Ceux qui parlaient se turent ; et peu à peu il se fit dans le poste un grand silence. Frédéric, tourmenté par les puces, regardait autour de lui. La muraille, peinte en jaune, avait à moitié de sa hauteur une longue planche où les sacs formaient une suite de petites bosses, tandis qu’au-dessous, les fusils couleur de plomb étaient dressés les uns près des autres —, et il s’élevait des ronflements, produits par les gardes nationaux, dont les ventres se dessinaient d’une manière confuse, dans l’ombre.

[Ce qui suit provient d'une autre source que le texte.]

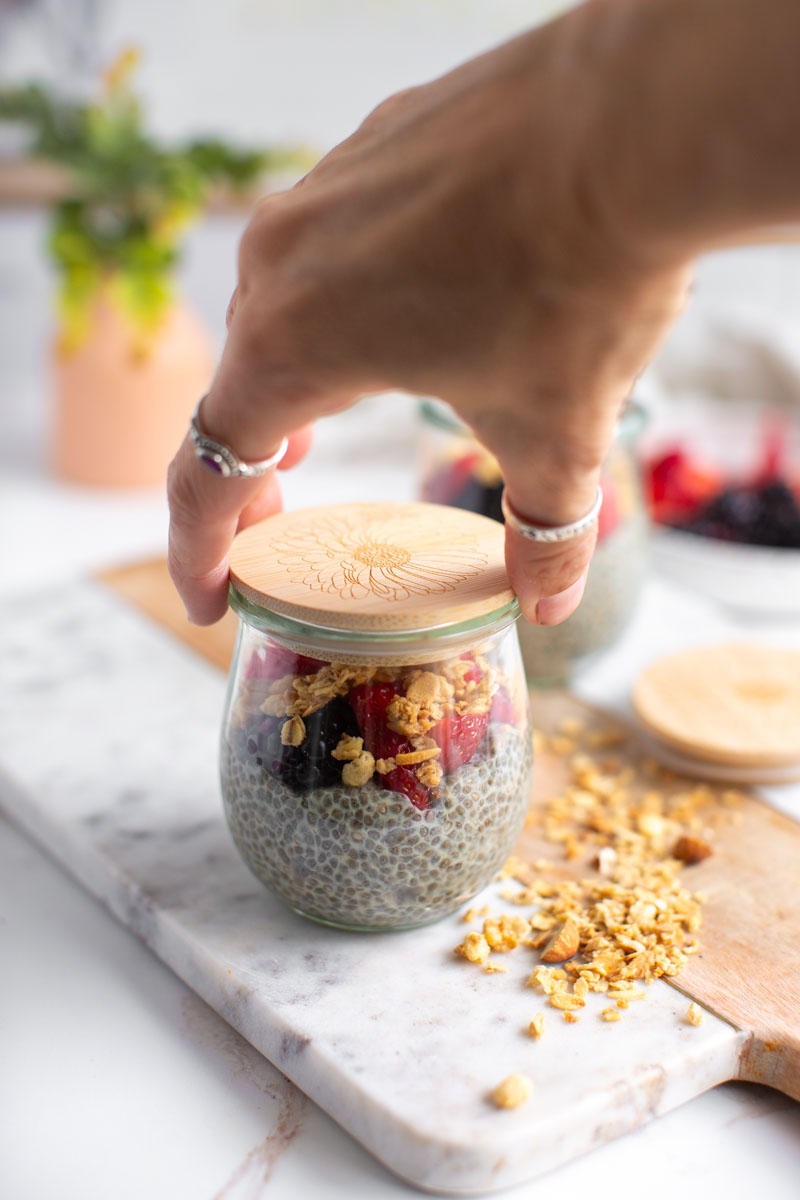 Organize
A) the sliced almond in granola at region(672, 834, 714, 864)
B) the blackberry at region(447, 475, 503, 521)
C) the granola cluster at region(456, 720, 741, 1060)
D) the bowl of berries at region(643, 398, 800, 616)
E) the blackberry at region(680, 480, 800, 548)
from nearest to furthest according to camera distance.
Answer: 1. the granola cluster at region(456, 720, 741, 1060)
2. the sliced almond in granola at region(672, 834, 714, 864)
3. the blackberry at region(447, 475, 503, 521)
4. the bowl of berries at region(643, 398, 800, 616)
5. the blackberry at region(680, 480, 800, 548)

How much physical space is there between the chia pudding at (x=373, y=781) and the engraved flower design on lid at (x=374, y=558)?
5 cm

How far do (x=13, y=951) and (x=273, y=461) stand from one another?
0.38 meters

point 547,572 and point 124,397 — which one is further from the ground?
Result: point 547,572

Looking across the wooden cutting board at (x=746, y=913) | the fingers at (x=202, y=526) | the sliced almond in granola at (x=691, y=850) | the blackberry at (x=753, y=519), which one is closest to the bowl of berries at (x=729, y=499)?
the blackberry at (x=753, y=519)

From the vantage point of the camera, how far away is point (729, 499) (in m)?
1.38

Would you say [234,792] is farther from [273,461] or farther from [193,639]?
[193,639]

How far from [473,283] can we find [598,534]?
0.50m

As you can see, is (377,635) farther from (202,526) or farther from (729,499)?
(729,499)

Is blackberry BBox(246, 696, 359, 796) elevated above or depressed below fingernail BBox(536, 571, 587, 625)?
below

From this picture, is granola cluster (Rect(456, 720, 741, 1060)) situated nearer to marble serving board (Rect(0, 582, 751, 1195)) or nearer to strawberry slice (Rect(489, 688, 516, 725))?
marble serving board (Rect(0, 582, 751, 1195))

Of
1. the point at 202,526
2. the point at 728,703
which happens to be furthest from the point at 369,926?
the point at 728,703

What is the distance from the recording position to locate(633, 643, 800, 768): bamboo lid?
89cm

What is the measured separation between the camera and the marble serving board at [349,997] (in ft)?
1.92

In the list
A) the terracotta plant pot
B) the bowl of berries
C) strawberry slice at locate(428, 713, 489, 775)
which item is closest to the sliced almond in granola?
strawberry slice at locate(428, 713, 489, 775) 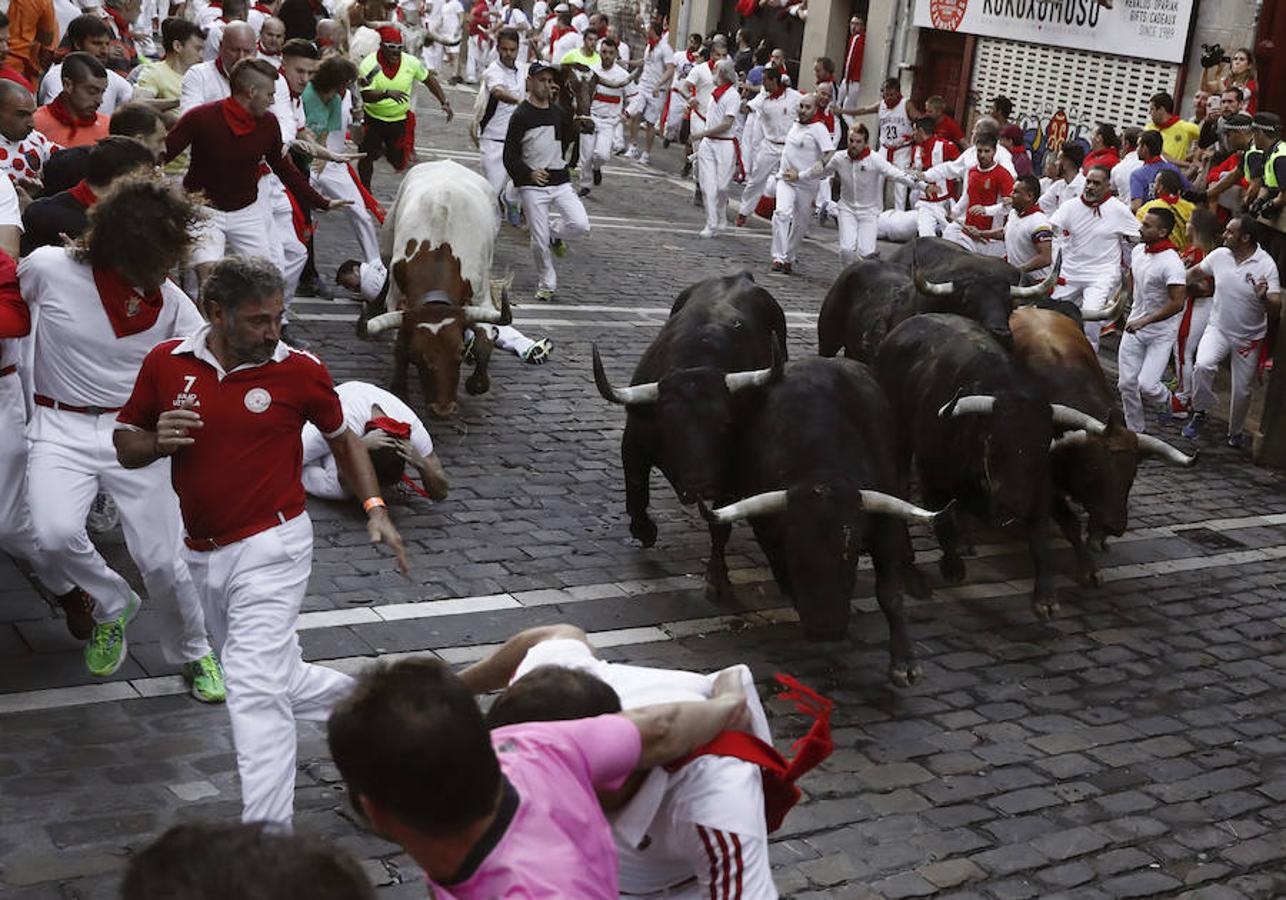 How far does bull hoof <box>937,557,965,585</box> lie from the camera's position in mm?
9508

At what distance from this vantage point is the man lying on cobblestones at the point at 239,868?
2.14 m

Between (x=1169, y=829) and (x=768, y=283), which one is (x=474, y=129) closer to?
(x=768, y=283)

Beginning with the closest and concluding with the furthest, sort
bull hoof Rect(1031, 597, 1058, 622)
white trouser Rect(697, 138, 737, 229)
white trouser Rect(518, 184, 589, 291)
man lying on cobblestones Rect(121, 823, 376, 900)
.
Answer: man lying on cobblestones Rect(121, 823, 376, 900), bull hoof Rect(1031, 597, 1058, 622), white trouser Rect(518, 184, 589, 291), white trouser Rect(697, 138, 737, 229)

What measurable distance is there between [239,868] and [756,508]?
5927mm

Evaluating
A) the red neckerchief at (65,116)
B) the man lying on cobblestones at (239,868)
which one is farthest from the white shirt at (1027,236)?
the man lying on cobblestones at (239,868)

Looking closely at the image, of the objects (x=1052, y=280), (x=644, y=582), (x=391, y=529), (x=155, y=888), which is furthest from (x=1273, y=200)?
(x=155, y=888)

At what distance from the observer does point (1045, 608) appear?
906cm

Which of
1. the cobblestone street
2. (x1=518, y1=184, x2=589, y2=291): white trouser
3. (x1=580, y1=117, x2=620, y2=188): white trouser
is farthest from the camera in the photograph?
(x1=580, y1=117, x2=620, y2=188): white trouser

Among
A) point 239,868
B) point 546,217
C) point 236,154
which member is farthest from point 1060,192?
point 239,868

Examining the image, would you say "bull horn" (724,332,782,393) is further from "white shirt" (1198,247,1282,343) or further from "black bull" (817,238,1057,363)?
"white shirt" (1198,247,1282,343)

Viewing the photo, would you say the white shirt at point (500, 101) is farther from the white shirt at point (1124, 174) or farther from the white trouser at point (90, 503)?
the white trouser at point (90, 503)

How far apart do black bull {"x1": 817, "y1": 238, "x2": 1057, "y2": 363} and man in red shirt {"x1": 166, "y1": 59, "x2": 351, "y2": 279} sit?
13.9ft

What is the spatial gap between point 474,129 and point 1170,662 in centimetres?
1107

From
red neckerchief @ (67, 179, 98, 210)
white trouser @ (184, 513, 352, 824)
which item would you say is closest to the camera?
red neckerchief @ (67, 179, 98, 210)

Une bouteille vide et des assiettes couvraient le poêle. Trois chaises de paille entouraient la table, où s’étalait un jeu de cartes. Un tambour, au milieu du banc, laissait pendre sa bricole. Le vent chaud arrivant par la porte, faisait fumer le quinquet. Arnoux dormait les deux bras ouverts ; et comme son fusil était posé la crosse en bas un peu obliquement, la gueule du canon lui arrivait sous l’aisselle. Frédéric le remarqua et fut effrayé.

— « Mais non ! j’ai tort ! il n’y a rien à craindre ! S’il mourait cependant… »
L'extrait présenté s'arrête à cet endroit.